After baseline determinations, FH patients received cholesterol-lowering medication for 2 years: five patients received atorvastatin (80 mg daily) and six patients received simvastatin (40 mg daily). After therapy, concentrations of total cholesterol, triglycerides, and LDL cholesterol had decreased significantly, but total cholesterol and LDL cholesterol were still significantly higher than in controls. No change was observed for plasma HDL cholesterol concentration after therapy.

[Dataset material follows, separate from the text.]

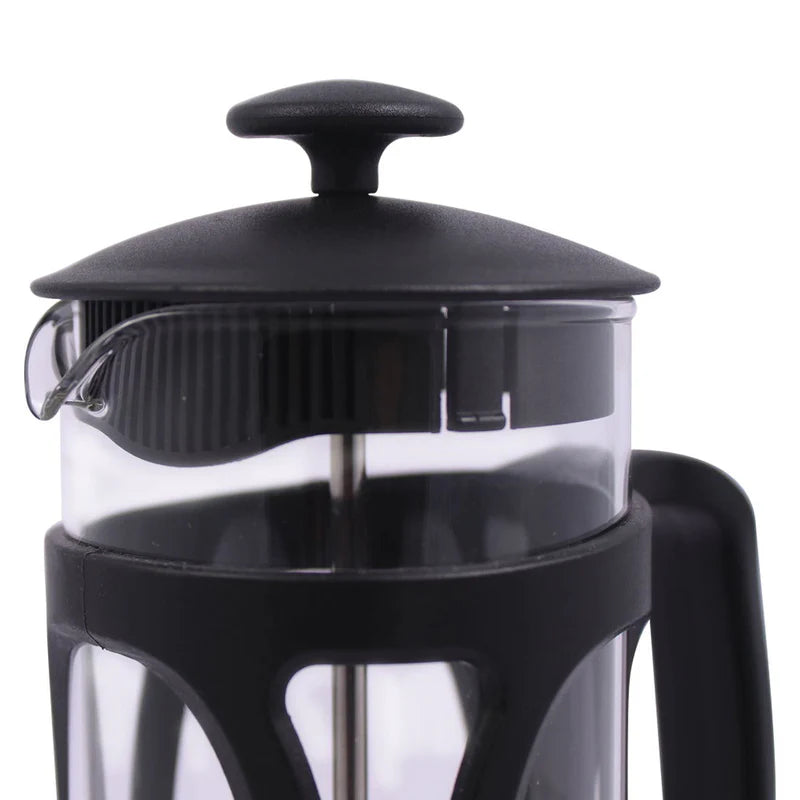 French Press Coffee & Tea Maker 350 ml | Premium Heat Resistant Borosilicate Glass Carafe | 4 Level Filtration System | Stainless Steel Plunger with Mesh | 1-2 Cups of Coffee | Brews in Just 3 Minutes | Black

Table 2 shows the oxidation levels of LDL of subjects as measured by sandwich ELISA in isolated LDL preparations and given in percentage LDL that is oxidatively modified equal to or more extensively than the standard preparation used. In normolipidemic healthy controls, LDL oxidation level ranged from 1% to 3%. In ESRD patients on hemodialysis and in FH patients, a 2-fold higher range in LDL oxidation level was observed (1–7% and 3–7%, respectively), resulting in significantly elevated mean values compared with controls. The finding that both patient groups have higher percentages of CVD and increased LDL oxidation levels compared with controls is consistent with the hypothesis that circulating oxLDL is a sensitive marker of coronary artery disease (Ehara et al, 2001; Holvoet et al, 1998b, 2001; Toshima et al, 2000). We did not, however, find an association between history of CVD and LDL oxidation level within each of the two patient groups. Recently, when we studied the effect of statin therapy on LDL oxidation level in 28 patients with chronic renal failure, we also observed no differences between LDL oxidation levels (determined both directly in plasma as well as in isolated LDL) of patients with and without clinical manifestation of CVD (Van den Akker et al, 2003). The lack of a correlation of circulating oxLDL with CVD in FH and in chronic renal failure patients may be due to the fact that the number of CVD events does not fully reflect the severity of the atherosclerotic disease in these patients because subclinical stages are not accounted for. Recently Holvoet et al (2001) found that obese subjects without clinical evidence of CVD but with increased intima/media thickness of carotid arteries had increased circulating oxLDL that was correlated with intima/media thickness, suggesting that an increased oxLDL level is a marker of early atherosclerosis. Thus, increased levels of LDL oxidation in FH and in ESRD may mirror the atherosclerotic disease, and prospective studies in large groups of patients to evaluate plasma oxLDL and subclinical atherosclerosis in relation to CVD are warranted.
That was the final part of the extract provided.